Hatırlarsınız, bir zamanlar tartışılmıştı, Rilke’yi Türkçeye kazandıranın hakikaten Behçet Necatigil olup olmadığı, değil mi? Hâlbuki onun tercümesiyle daha ilk gençlik yıllarında “görmeyi” öğrenmiştik ve “düşünceye dalmış yoksul insanları” rahatsız etmemeyi... ChatGPT’ye soruyorum: “Rilke’nin eserlerini Almancadan Türkçeye kim çevirdi?” Cevabın ilk satırını olduğu gibi aktarayım: “İsmet Özel - Rilke’nin ‘Malte Laurids Brigge’nin Notları’ adlı eserini Türkçeye çevirmiştir.” Sağ elimi alnıma koyuyor, umutsuz bir yüz ifadesiyle ekrana bakıyorum. Teşekkürler ChatGPT, çekilebilirsin.
Yapay zekâ modelleri, kaynak taramadan çeviriye, sohbetten dil desteğine ve hatta yaratıcı yazıma varana dek çeşitli ücretsiz hizmetler sağlıyor. Bazen ciddi hatalar yapsalar da, zamandan tasarruf anlamında aslen harikulade bir imkân bu; hele de hayatını çevirmenlik mesleğiyle idame ettirmeye çalışanlar için... Yer yer çok iyi sonuçlar ortaya koydukları da oluyor. Hayatımızı kolaylaştırdıkları apaçık bir gerçek olmakla birlikte, bu aşamada işin içine dedektiflik, birikim, dil kıvraklığı, donanım, tahayyül ve yeteneğin girmesi şart görünüyor. Zira içeriğin doğruluğu, tutarlılığı, özgünlüğü gibi unsurlarda zeki sanılan bu tür araçlar günün sonunda sınıfta kalabiliyor.
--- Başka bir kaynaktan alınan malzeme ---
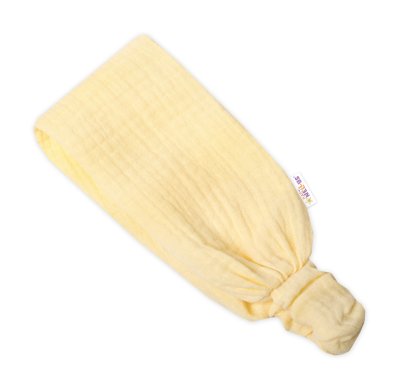 Baby Nellys Lehká mušelínová čelenka Bandana, žlutá vel.  104/110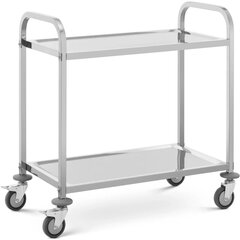 Catering tarjoilijavaunu 2 hyllylle 95 x 50 cm 72 kg asti hinta ja tiedot | Keittiövälineet | hobbyhall.fi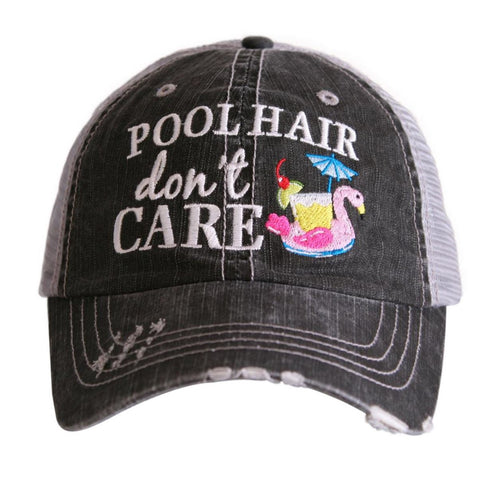 Pool Hair Don't Care (Swan Float) Trucker Hat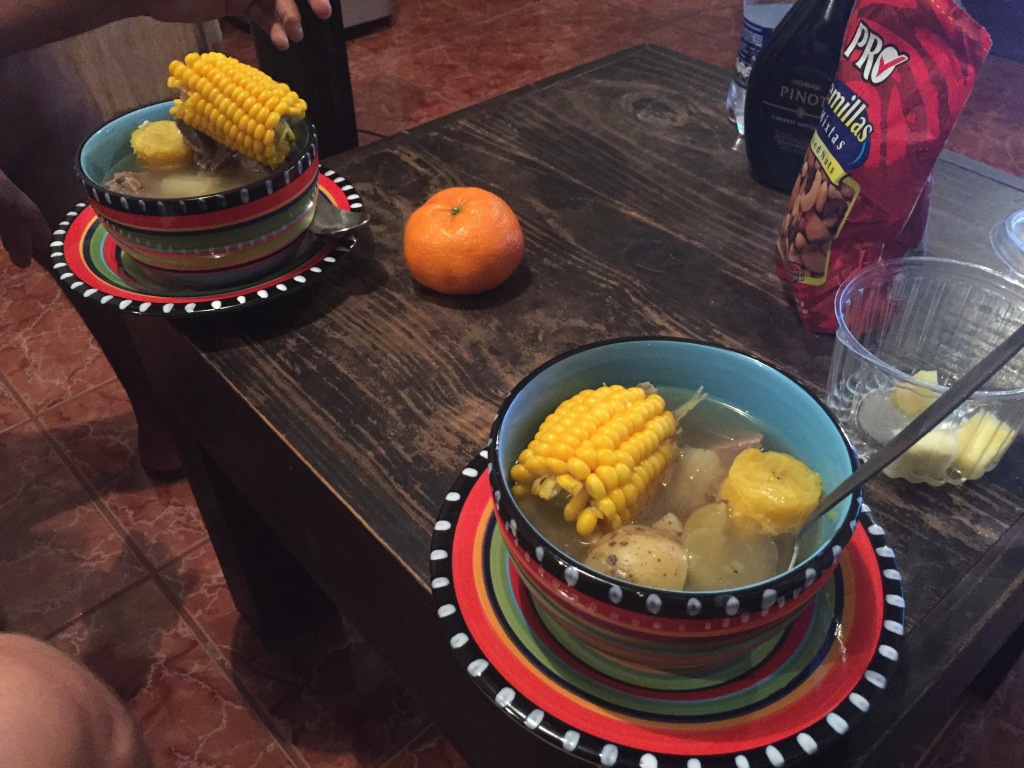 Traditional Costa Rican soup with potatoes and corn.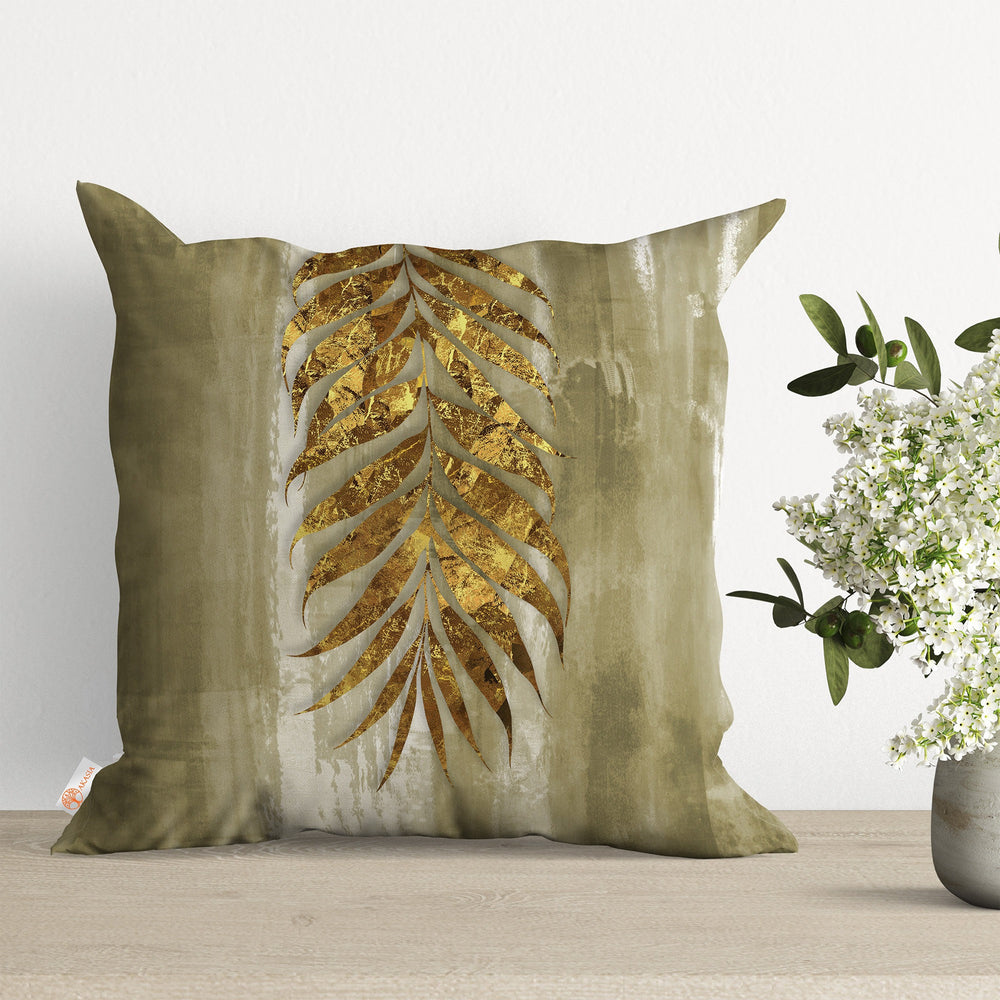 Leaf and Feather Cushion Case|Decorative Farmhouse Pillowtop|Cozy Home Decor|Housewarming Throw Pillowcase|Gold Tropical Leaf Pillow Case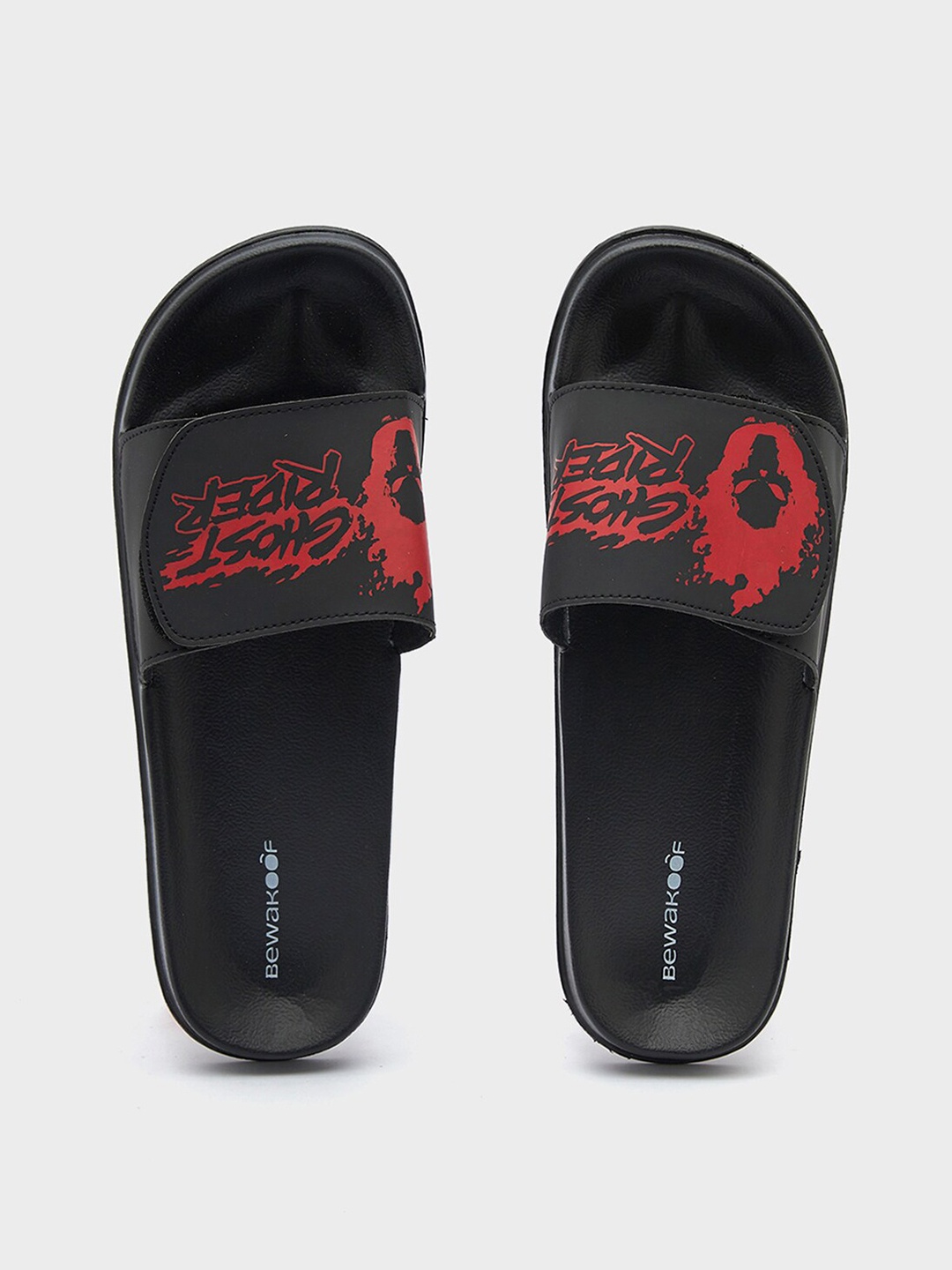 

Bewakoof Men Ghost Rider Printed Rubber Sliders, Black
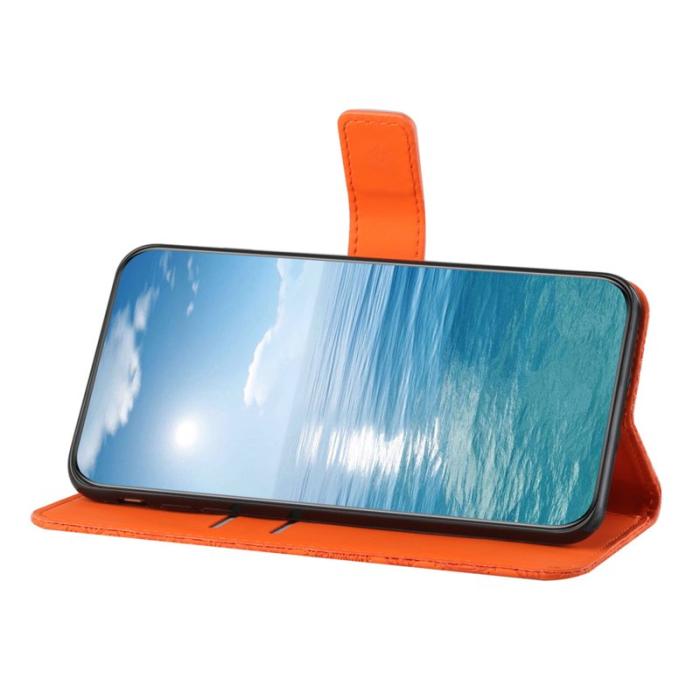 OEM - Samsung Galaxy A55 5G Plånboksfodral Konstläder Etnisk Stil - Orange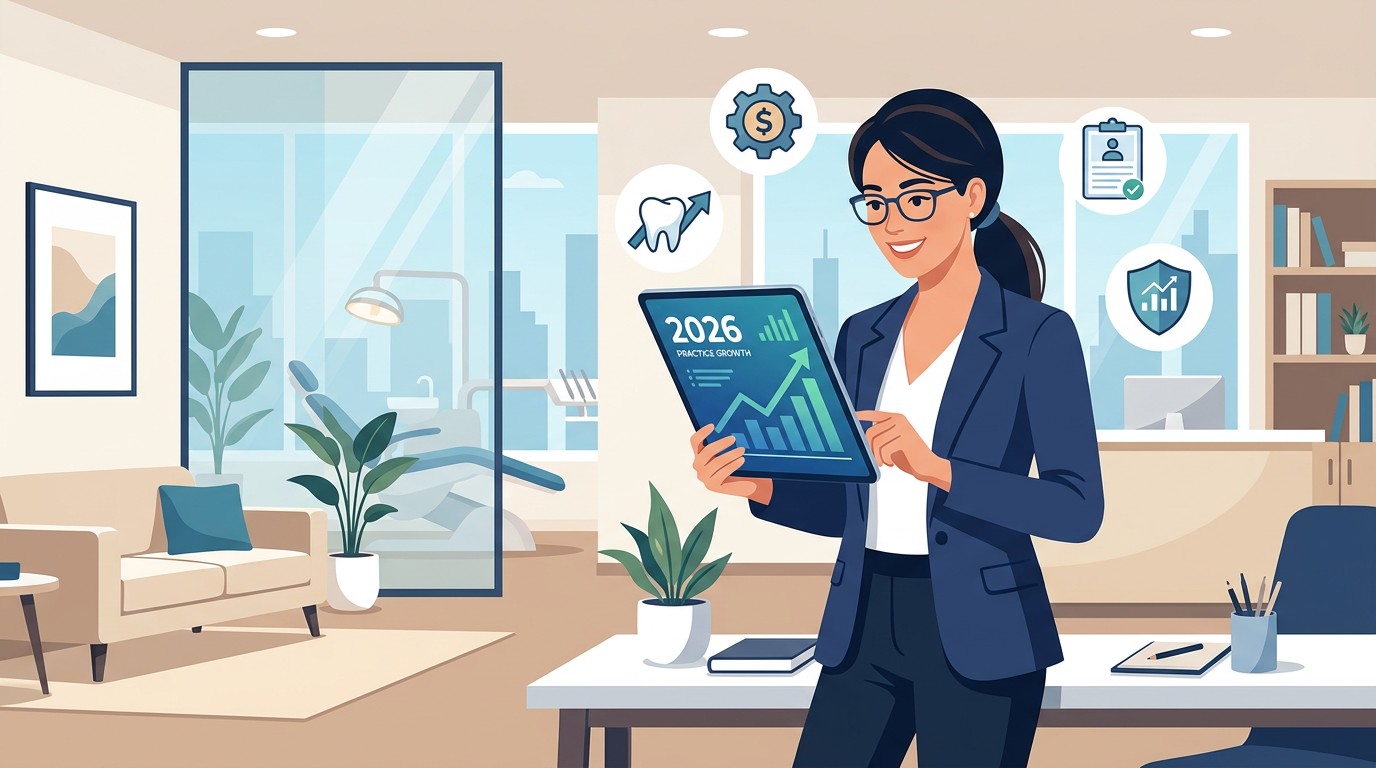 Dental practice owner reviewing 2026 industry trends on tablet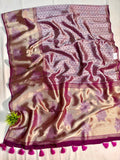 Magenta Viscose Tanchoi Skirt Boota Zari Border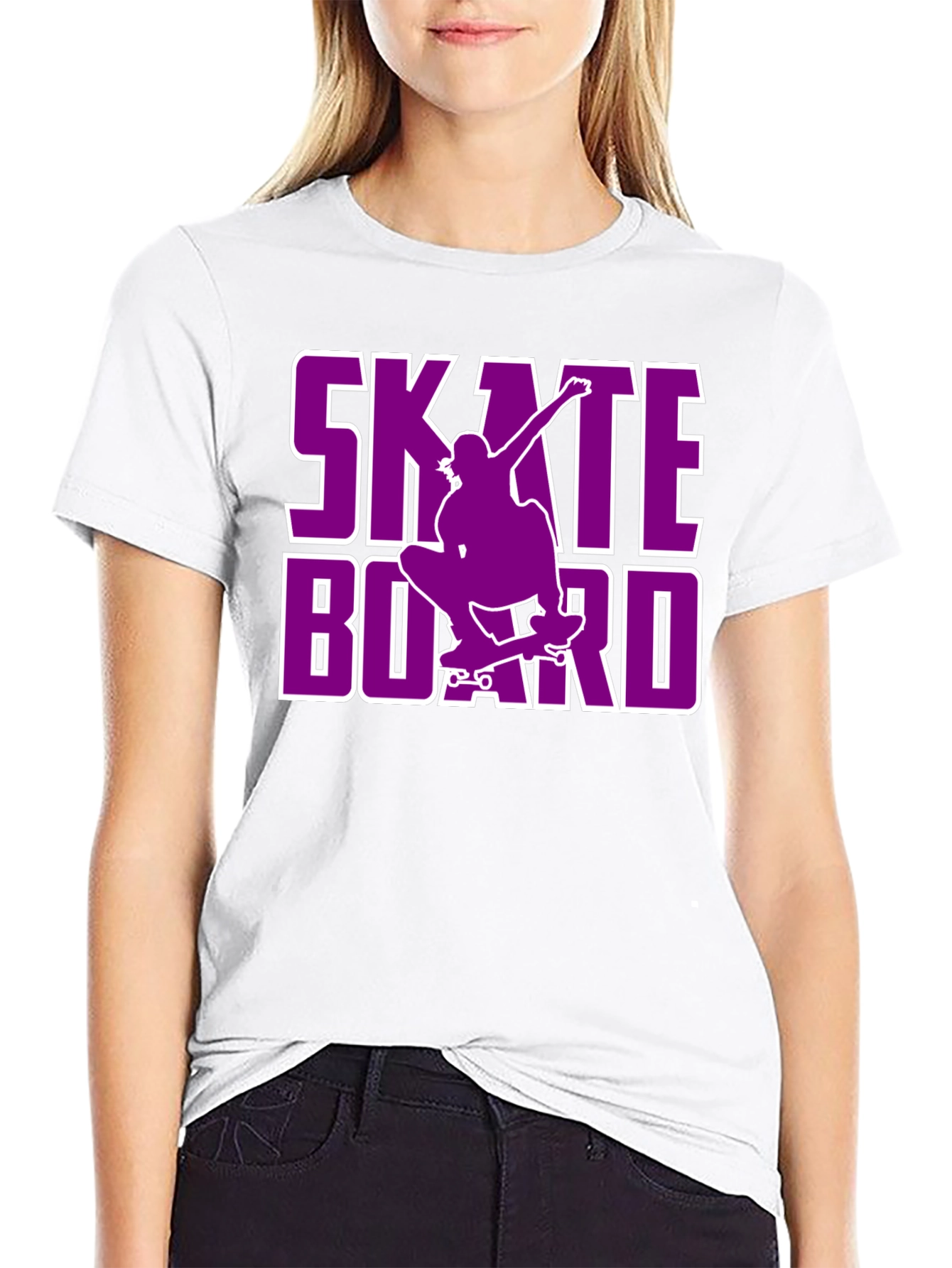 Skateboard Graphic Tee - Black Cotton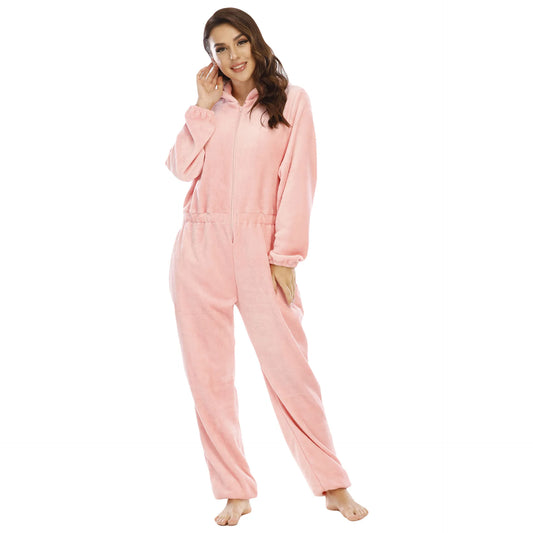 Grenouillère Femme Rose — Combinaison Pyjama Polaire Douce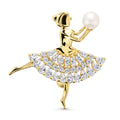 Dancing Ballerina Button Cultured Pearl Pin in Sterling Silver, Yellow Gold Flashed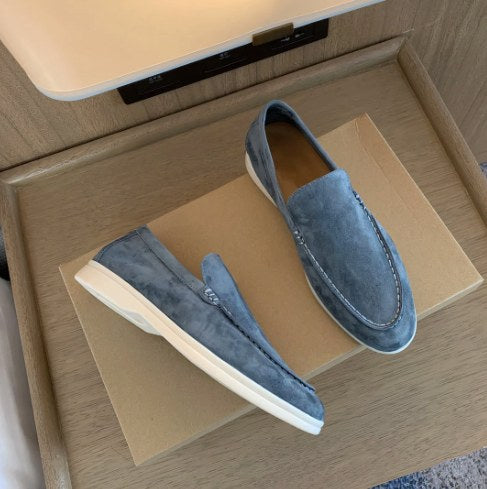 Hudson | Men's Suede-Effect Slip-On Loafers, Refined Everyday Shoes | Dressific | Azul claro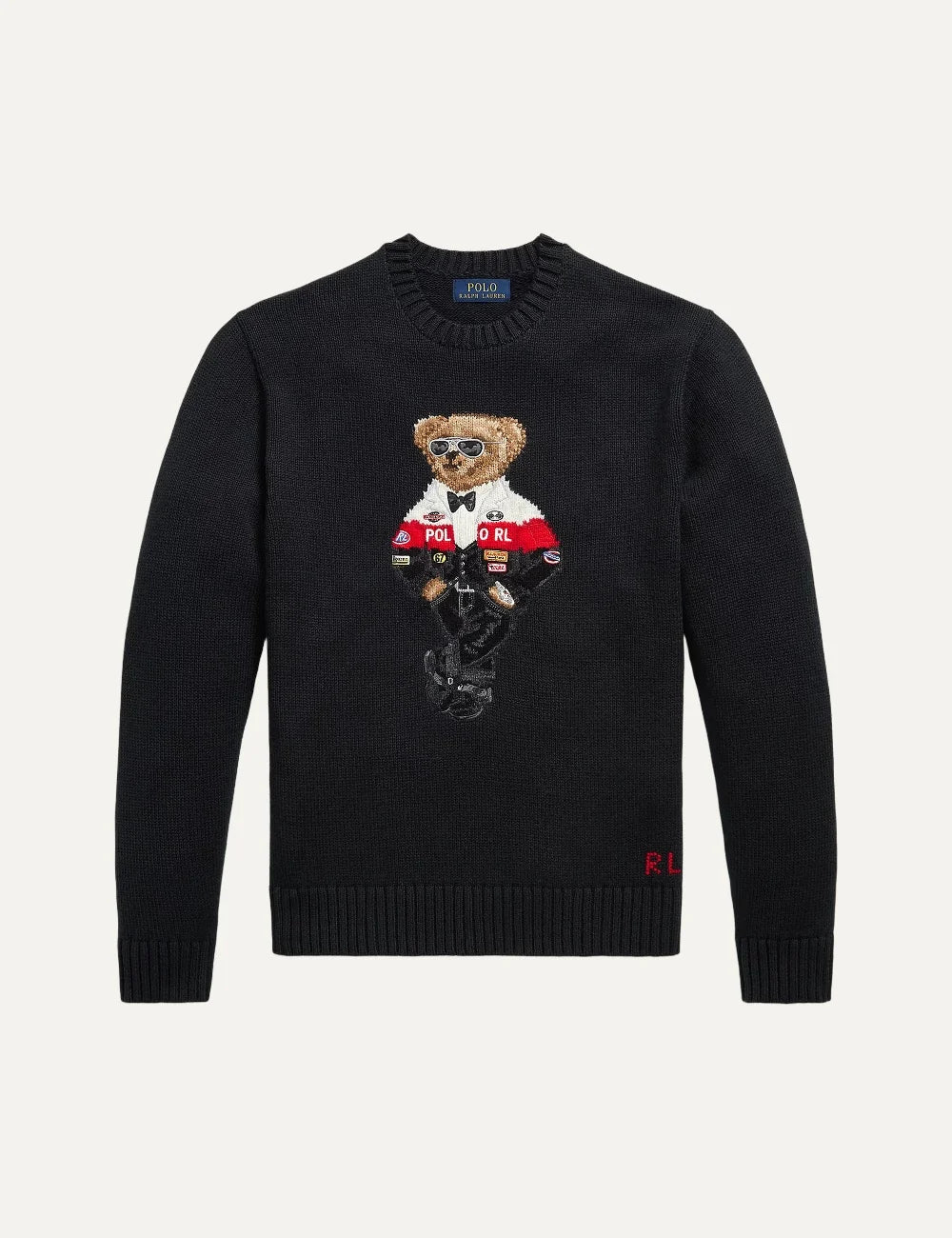 Polo Ralph Lauren men's black cotton cashmere knit sweater with crew neck, racing-inspired Polo Bear intarsia, ribbed trims and red RL embroidery.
Ne yapmalı pekiyi? Nasıl yapmalı? Kullanmalı mı, yoksa topyekûn reddinde mi karar kılmalı? Sorunun cevabı aslında kişinin çalışma metodunda saklı. Gri alanlara inanan biri olarak ben bu araçları, meslek hayatımı kolaylaştıran ve işimin niteliğini artıran faydalı bir asistan olarak görüyorum. Bütün içeriği amiyane tabirle sırtına yüklemek yerine çalıştığım metni sanki yapıbozuma uğratarak iş bölümü yapıyorum. Ne öğrenmeyi ne de öğretmeyi elden bırakıyorum. Ve an itibariyle ChatGPT’ye bir başka soru soruyorum: “Bugün nasılsın?” Pek sevimli bulduğum cevabını da olduğu gibi buraya not düşüyorum: “Ben bir yapay zekâ olduğum için duygusal durumum yok, ama size yardımcı olmak için buradayım! Siz nasılsınız? Bugün size nasıl yardımcı olabilirim?”